Evidently the update a few months ago passed me by. So shoot me.

“As for “preventing future market crashes”, good luck with that. It is impossible to prevent market crashes (unless you abolish the market)”

Which is why I said TRY to prevent market crashes. You should at least get your facts straight ;)

“but it should be possible to restrict the effect of such ‘turmoil’ to those who are willing to accept the risks associated with speculative investment…”

How? Even if we ensured that investors took their own risks instead of relying on government bail-outs should the worst happen, any crash would impact society overall.

19. Chaise Guevara

@ 16 S The Pill

“Yeah church is a huge element of it, but I used to work in a call centre selling car insurance (for my sins) and the amount of people who’d been online shopping around etc was very very high. Just anecdotal & I don’t know of any data”
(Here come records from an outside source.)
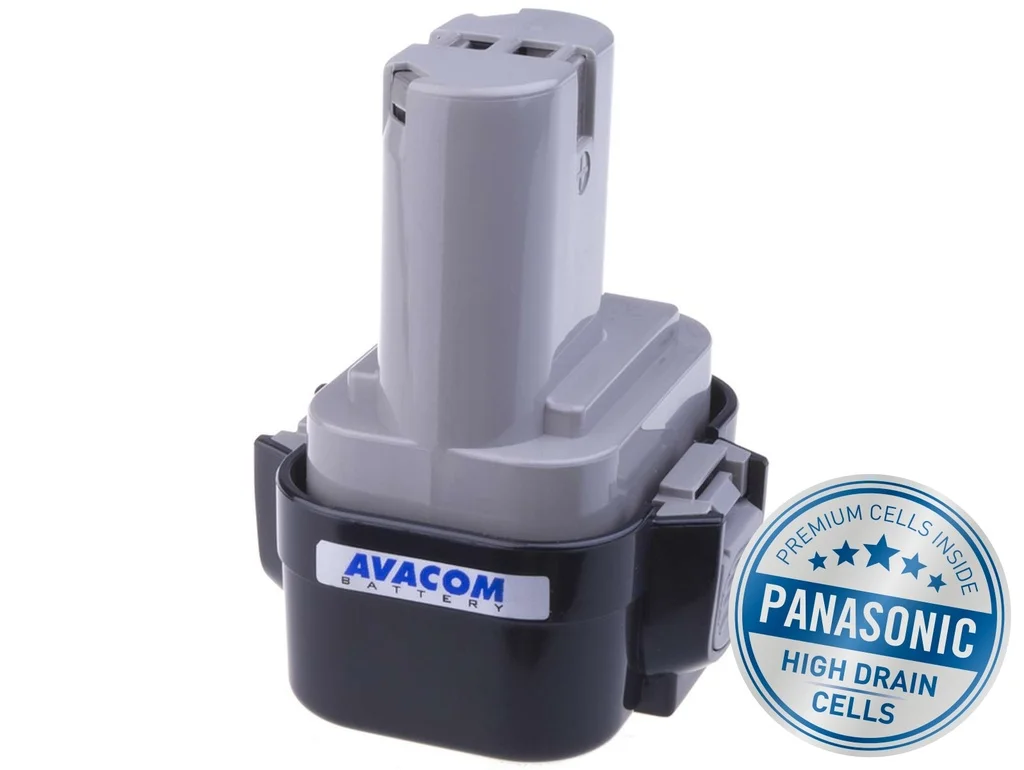 eshop.bateria599119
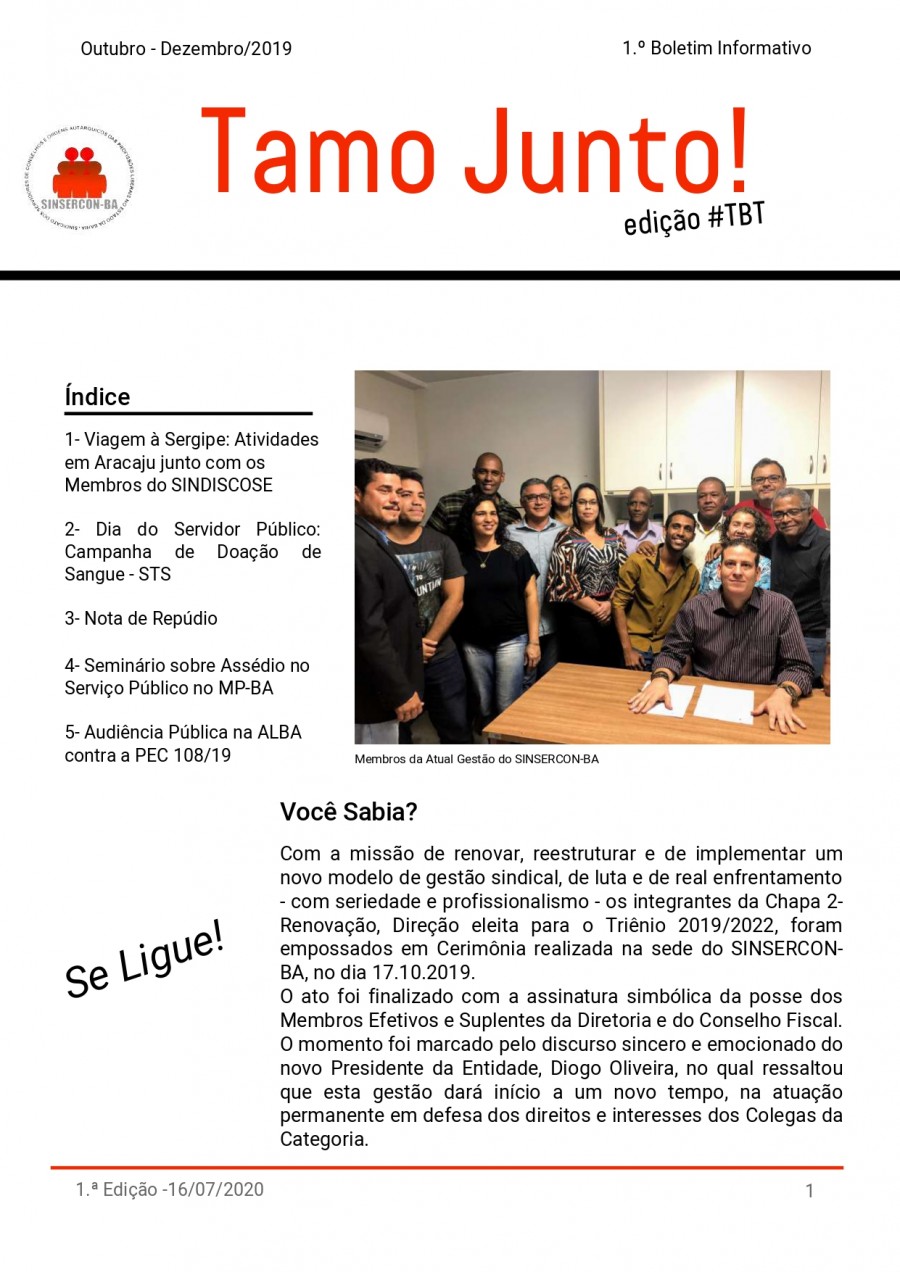 1º Boletim Informativo - SINSERCON-BA_compressed_page-0001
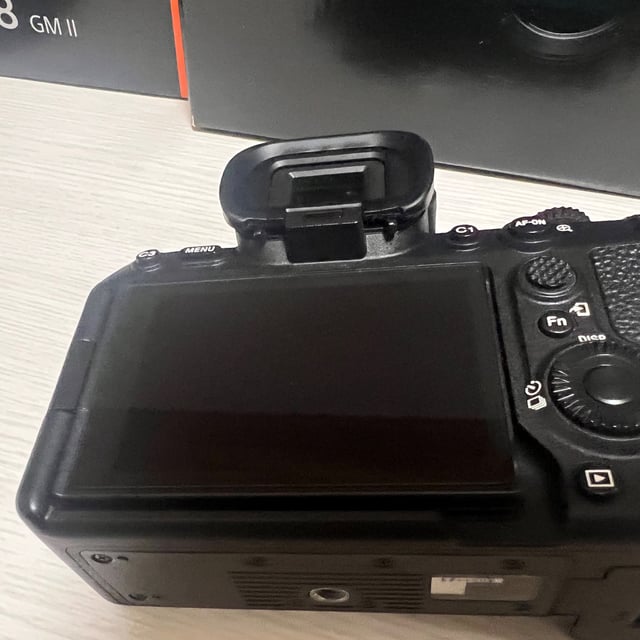 2枚目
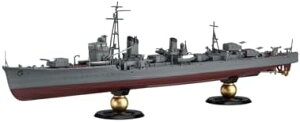 tW~͌^ 1/350 NEXTV[Y No.4 EX-3 {CRz^쒀 z (^14͖V[/fJ[t) NEXT-4 EX-3yꌧ֔słz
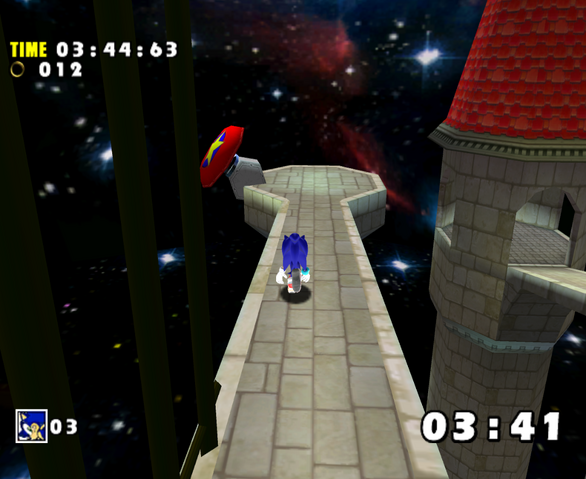 File:TPSONIC41.png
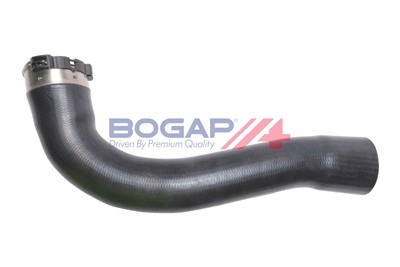 BOGAP R1711103 Číslo výrobce: 40093100900. EAN: 4255596569769.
That’s quite a specific group, if they were calling you to get an insurance quote/policy. Like I said, I think people who shop around do better due to aggregators, but they don’t tempt that many people to start shopping around in the first place. I’m half-remembering a couple of reports that said the same thing, but don’t have them to hand.

“I don’t think people should dismiss innovations like aggregators being used for banks as well just because most people don’t switch…”

Agreed, I just doubt that it would increase switching stuff like current accounts. You’re right about intangibles like customer service, but your basic bank account is almost identical at any bank. Probably not worth the headache of switching.

If, on the other hand, you want a paid-for account with benefits (£5 for phone insurance, for example) or a student account, then shopping around is a very good idea.

@18 – “Evidently the update a few months ago passed me by. So shoot me.”

First against the wall, comrade!

Sorry – wasn’t meant to be narky. At least you’re not entirely financially illiterate, as much of the population is.

“Even if we ensured that investors took their own risks instead of relying on government bail-outs should the worst happen, any crash would impact society overall.”

Only to the extent that society itself is reliant upon the capitalist machine. As I said earlier, if retail and investment banking are split; if a greater market share in retail banking is taken by credit unions and mutuals; if fractional reserve lending is abolished; if financial literacy improves; if a lender of last resort can be found which itself sits outside the investment sphere – well, we’re on the way.

The rest is mostly to do with people’s individual investment decisions; so getting caught up in the financial crisis is far more a matter of choice.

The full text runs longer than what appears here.